2 Omic data analysis: types of implemented analyses

The Figure 2.1 describes the different types of ’omic association analyses that can be performed using DataSHIELD client functions implemented in the dsOmicsClient package. Basically, data (’omic and phenotypes/covariates) can be stored in different sites (http, ssh, AWS S3, local, …) and are managed with Opal through the resourcer package and their extensions implemented in dsOmics.

Non-disclosive omic data analysis with DataSHIELD and Bioconductor. The figure illustrates how the `resourcer` package is used to get access to omic data through the Opal servers. Then DataSHIELD is used in the client side to perform non-disclosive data analyses.

Figure 2.1: Non-disclosive omic data analysis with DataSHIELD and Bioconductor. The figure illustrates how the resourcer package is used to get access to omic data through the Opal servers. Then DataSHIELD is used in the client side to perform non-disclosive data analyses.

Then, dsOmicsClient package allows different types of analyses: pooled and meta-analysis.
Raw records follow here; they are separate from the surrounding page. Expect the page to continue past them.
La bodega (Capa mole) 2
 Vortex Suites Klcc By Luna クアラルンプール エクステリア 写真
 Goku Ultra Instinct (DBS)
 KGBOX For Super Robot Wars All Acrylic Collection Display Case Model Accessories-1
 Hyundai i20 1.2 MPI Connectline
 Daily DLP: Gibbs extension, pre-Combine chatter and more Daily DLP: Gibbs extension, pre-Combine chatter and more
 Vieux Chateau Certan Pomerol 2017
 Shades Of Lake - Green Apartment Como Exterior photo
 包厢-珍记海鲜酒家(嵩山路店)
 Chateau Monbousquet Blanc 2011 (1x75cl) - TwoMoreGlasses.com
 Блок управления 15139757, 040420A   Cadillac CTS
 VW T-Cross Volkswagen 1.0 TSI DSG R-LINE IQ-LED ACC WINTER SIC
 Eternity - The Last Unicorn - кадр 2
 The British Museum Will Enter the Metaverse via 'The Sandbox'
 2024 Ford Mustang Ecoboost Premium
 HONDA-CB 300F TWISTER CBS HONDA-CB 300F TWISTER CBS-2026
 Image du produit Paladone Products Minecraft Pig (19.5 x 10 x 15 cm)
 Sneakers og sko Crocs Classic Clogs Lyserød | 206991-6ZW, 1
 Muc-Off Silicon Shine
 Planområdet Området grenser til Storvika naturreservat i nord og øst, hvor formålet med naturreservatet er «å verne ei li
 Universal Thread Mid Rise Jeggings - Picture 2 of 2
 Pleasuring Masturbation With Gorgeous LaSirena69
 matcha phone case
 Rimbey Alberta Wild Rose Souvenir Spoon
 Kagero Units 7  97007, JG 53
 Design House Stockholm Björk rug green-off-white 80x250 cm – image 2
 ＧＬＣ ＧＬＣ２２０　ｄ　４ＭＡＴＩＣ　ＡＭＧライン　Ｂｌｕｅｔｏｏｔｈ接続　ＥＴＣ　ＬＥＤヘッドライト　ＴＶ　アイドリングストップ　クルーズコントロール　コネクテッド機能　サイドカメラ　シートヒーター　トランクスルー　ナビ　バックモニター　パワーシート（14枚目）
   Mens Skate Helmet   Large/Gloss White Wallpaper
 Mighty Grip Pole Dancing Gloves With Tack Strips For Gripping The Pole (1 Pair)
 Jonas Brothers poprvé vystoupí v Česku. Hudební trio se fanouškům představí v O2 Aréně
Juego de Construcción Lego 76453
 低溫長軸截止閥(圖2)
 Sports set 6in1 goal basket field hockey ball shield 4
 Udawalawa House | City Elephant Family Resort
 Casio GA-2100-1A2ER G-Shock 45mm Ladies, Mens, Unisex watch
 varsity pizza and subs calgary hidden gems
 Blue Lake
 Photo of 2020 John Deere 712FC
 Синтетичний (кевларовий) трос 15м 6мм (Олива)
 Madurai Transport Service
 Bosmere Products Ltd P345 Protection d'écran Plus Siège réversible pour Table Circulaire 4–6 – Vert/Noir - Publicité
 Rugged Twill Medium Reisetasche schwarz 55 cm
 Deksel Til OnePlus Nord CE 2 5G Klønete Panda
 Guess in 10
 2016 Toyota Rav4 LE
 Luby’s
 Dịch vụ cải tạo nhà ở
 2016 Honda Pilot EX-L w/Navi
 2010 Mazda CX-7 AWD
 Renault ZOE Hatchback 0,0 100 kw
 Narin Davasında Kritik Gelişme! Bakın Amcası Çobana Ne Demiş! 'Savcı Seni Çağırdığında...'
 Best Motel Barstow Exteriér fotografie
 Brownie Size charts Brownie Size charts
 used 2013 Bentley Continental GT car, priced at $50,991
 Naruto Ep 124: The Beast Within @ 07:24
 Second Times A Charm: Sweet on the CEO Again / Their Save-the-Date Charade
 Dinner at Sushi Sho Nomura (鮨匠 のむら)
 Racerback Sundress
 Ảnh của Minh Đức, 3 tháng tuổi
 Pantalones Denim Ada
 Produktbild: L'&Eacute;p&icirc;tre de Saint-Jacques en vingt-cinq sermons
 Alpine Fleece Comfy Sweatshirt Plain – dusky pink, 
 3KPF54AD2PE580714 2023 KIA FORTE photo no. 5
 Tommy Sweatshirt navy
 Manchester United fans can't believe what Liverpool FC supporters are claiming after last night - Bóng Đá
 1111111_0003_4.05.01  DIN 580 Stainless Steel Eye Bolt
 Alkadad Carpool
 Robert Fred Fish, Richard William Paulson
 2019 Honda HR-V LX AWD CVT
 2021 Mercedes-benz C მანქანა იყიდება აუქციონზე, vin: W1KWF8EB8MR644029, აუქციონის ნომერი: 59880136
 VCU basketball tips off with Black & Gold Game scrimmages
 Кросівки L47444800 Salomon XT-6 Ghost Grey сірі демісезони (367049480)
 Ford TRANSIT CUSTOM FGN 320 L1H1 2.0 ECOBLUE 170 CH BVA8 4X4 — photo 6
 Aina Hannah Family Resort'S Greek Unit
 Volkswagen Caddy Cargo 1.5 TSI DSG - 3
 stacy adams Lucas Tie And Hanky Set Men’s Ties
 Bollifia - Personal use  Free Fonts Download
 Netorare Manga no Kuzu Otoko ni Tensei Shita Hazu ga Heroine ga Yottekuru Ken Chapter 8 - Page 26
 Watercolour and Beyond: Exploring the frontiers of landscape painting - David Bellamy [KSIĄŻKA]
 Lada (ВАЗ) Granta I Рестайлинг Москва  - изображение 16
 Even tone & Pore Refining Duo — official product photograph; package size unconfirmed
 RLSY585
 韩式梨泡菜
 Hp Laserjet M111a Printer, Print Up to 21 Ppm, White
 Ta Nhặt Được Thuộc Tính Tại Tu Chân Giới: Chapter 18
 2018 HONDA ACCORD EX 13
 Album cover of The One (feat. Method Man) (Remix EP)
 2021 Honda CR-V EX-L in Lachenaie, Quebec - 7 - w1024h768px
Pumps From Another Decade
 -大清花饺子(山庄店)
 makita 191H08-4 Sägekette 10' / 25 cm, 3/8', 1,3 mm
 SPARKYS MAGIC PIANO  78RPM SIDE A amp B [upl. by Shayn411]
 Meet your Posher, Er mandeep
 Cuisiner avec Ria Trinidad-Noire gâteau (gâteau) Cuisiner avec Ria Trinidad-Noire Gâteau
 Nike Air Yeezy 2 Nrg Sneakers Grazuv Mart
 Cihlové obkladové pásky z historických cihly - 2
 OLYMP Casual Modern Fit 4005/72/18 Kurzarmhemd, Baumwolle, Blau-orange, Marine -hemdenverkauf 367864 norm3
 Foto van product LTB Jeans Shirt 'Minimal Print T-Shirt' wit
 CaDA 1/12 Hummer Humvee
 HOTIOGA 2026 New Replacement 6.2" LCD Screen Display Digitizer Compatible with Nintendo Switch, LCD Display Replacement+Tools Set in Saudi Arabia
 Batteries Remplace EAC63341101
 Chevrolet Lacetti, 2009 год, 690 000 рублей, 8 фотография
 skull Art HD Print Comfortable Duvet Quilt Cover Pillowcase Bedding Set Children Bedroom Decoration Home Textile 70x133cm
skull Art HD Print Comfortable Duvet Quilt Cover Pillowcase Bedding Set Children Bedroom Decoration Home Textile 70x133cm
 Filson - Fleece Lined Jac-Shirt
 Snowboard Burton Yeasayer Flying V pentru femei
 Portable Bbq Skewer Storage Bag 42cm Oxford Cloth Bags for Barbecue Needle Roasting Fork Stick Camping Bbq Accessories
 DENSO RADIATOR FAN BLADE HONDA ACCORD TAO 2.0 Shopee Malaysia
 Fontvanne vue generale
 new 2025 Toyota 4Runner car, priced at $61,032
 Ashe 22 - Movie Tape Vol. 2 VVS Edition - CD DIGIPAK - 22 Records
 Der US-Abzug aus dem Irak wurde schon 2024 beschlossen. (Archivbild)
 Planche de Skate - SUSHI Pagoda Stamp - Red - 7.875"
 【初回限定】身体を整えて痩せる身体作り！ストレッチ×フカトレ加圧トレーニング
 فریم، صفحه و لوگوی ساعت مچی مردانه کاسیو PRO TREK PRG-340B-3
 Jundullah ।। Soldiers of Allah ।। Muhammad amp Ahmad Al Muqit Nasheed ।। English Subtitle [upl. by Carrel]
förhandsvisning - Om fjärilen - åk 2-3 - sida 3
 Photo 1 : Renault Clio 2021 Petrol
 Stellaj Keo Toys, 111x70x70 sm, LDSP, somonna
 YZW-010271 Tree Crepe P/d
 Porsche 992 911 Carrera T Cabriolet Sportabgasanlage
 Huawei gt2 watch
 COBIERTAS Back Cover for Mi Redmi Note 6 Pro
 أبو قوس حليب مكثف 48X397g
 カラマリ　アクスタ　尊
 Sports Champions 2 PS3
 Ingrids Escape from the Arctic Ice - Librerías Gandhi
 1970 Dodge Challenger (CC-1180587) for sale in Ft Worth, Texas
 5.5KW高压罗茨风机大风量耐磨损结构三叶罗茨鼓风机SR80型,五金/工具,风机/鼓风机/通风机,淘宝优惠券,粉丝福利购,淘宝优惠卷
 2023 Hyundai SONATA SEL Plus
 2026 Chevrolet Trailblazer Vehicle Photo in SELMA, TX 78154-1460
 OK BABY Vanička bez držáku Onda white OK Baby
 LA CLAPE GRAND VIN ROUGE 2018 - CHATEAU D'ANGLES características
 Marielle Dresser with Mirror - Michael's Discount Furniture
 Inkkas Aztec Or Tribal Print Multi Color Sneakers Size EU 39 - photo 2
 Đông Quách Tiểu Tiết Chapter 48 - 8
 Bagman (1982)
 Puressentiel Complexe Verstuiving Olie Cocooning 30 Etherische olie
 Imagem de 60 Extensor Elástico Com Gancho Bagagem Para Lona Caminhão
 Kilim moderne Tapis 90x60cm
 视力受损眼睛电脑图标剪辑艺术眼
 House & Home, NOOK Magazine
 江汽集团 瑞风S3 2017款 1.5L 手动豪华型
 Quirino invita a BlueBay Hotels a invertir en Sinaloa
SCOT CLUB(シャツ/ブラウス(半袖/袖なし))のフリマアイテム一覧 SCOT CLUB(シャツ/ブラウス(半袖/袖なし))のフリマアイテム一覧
Both methods are based on fitting different Generalized Linear Models (GLMs) for each feature when assesing association between ’omic data and the phenotype/trait/condition of interest. Of course, non-disclosive ’omic data analysis from a single study can also be performed.

The pooled approach (Figure 2.2) is recommended when the user wants to analyze ’omic data from different sources and obtain results as if the data were located in a single computer. It should be noted that this can be very time consuming when analyzing multiple features since it calls a base function in DataSHIELD (ds.glm) repeatedly. It also cannot be recommended when data are not properly harmonized (e.g. gene expression normalized using different methods, GWAS data having different platforms, …). Furthermore when it is necesary to remove unwanted variability (for transcriptomic and epigenomica analysis) or control for population stratification (for GWAS analysis), this approach cannot be used since we need to develop methods to compute surrogate variables (to remove unwanted variability) or PCAs (to to address population stratification) in a non-disclosive way.

The meta-analysis approach Figure 2.3 overcomes the limitations raised when performing pooled analyses. First, the computation issue is addressed by using scalable and fast methods to perform data analysis at whole-genome level at each location The transcriptomic and epigenomic data analyses make use of the widely used limma package that uses ExpressionSet or RangedSummarizedExperiment Bioc infrastructures to deal with ’omic and phenotypic (e.g covariates). The genomic data are analyzed using GWASTools and GENESIS that are designed to perform quality control (QC) and GWAS using GDS infrastructure.

Next, we describe how both approaches are implemented:

Pooled approach: Figure 2.2 illustrate how this analysis is performed. This corresponds to generalized linear models (glm) on data from single or multiple sources. It makes use of ds.glm() function which is a DataSHIELD function that uses an approach that is mathematically equivalent to placing all individual-level data froma all sources in one central warehouse and analysing those data using the conventional glm() function in R. The user can select one (or multiple) features (i.e., genes, transcripts, CpGs, SNPs, …)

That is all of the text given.